By Lenore Fedow
lenore.fedow@nationaljeweler.com
A jewelry-filled advent calendar was a highlight of Tiffany’s holiday catalog this year. The jeweler’s sales were on the rise this holiday season.
New York—Tiffany & Co. turned in a solid holiday season with sales on the rise, particularly in mainland China and the Americas.

Worldwide sales for the interim holiday period (November and December) climbed 1 to 3 percent. (Tiffany did not respond to a request for the exact dollar amount of its holiday sales.)

The increase in sales was a welcome change from last year’s holiday results when waning demand from Chinese tourists took a toll on the jeweler’s year-end performance.

It’s also an improvement on the retailer’s performance earlier this year.

“We are pleased to present our interim sales results for this important season, which reflect improved global trends compared to previous quarters this year,” CEO Alessandro Bogliolo said in a press release announcing the results.

“We are happy to see sales growth in the Americas, a momentum shift in the region,” he added.

Net sales and comparable sales in the Americas were up 2 to 4 percent.

Tiffany has struggled in recent quarters to grow sales in the Americas, where the most Tiffany stores are located.


In mainland China, Tiffany reported “strong” double-digit sales growth, though it was offset by declines in the Hong Kong market as unrest in the country continues.

In the Asia-Pacific region, net sales were up 7 to 9 percent on a constant-exchange-rate basis while same- store sales were up 9 to 11 percent.

Net sales in Japan fell 12 to 14 percent, which Tiffany attributed to the negative impact of the recent increase in the consumption tax. Same-store sales in the country were down 14 to 16 percent.

In Europe, net sales climbed 3 to 5 percent while same-store sales were up 4 to 6 percent.

The luxury jeweler has been expanding and enhancing its store network, recently completing the expansion of its flagship store in Shanghai, which is now the largest Tiffany store in Asia.

Situated in a street-facing location within the Hong Kong Plaza mall, it also houses the newly opened Tiffany Blue Box Café, the first in mainland China.

Its London flagship store on Old Bond Street also has been renovated.

Tiffany recently opened its third location in Kyoto, Japan, and its fifth store in New York City at Hudson Yards.

The jeweler’s flagship store on Fifth Avenue in New York City was open throughout the holiday period, but will close in mid-January to undergo a renovation.
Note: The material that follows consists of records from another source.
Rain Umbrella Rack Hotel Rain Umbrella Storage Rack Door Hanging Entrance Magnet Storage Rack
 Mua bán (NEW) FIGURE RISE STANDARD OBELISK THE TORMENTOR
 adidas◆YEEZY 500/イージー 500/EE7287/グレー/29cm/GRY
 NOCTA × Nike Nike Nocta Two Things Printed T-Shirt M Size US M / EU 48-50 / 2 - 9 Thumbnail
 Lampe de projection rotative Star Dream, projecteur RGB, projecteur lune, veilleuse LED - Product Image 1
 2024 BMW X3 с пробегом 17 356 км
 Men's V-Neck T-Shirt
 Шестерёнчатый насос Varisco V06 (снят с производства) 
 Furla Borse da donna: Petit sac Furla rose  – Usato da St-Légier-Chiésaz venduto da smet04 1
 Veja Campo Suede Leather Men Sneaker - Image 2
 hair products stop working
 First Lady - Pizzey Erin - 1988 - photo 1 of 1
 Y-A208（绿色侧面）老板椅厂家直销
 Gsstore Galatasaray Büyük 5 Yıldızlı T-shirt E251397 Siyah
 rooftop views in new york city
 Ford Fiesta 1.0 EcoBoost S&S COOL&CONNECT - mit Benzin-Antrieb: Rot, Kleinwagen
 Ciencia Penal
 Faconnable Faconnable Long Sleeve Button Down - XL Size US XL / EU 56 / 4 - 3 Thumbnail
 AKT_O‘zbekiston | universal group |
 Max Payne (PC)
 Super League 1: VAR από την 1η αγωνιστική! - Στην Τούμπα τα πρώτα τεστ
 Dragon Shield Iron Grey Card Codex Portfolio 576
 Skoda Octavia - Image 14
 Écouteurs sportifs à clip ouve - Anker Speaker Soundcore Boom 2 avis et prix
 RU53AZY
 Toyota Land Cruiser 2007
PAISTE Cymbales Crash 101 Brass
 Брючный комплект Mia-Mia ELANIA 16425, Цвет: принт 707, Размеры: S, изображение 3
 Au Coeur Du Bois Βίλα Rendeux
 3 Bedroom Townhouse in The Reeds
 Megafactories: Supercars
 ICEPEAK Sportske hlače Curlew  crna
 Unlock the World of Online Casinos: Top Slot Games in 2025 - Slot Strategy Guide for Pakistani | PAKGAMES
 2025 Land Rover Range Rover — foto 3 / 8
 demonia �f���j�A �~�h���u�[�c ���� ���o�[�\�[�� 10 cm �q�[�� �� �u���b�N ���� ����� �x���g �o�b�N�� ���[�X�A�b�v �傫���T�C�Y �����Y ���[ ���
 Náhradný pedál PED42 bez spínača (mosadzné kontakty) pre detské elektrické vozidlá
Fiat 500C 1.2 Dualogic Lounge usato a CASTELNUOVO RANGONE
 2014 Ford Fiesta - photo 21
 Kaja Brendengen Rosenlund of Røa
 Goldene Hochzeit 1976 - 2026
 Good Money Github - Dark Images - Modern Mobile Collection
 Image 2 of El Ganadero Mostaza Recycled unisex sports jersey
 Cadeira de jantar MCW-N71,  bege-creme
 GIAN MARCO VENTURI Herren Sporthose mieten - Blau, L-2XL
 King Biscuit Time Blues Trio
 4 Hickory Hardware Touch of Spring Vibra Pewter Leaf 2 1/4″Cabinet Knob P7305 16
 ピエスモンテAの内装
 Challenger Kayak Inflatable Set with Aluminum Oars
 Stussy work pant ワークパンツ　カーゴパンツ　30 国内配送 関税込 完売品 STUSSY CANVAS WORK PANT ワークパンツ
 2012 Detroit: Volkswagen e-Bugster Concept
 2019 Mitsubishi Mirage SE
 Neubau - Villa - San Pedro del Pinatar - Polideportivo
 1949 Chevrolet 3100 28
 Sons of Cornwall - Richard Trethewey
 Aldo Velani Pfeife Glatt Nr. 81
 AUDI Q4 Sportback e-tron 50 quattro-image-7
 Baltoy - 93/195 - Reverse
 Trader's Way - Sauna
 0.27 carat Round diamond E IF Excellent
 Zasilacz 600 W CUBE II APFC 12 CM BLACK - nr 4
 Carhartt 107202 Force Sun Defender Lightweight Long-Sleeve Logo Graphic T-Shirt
The store will move to a space on E. 57th Street while the renovation is underway.

Bogliolo said customers have been “enthusiastic” about the new space, which housed a men’s pop-up store and the special catalog gift items during the holiday season.

“Now we are eager for our customers to experience our full product range, including high jewelry, in the new space, while we start working to transform our iconic building into its future form,” he said.

As of Dec. 24, Tiffany had 327 stores, including 125 in the Americas, compared with 321 stores a year ago.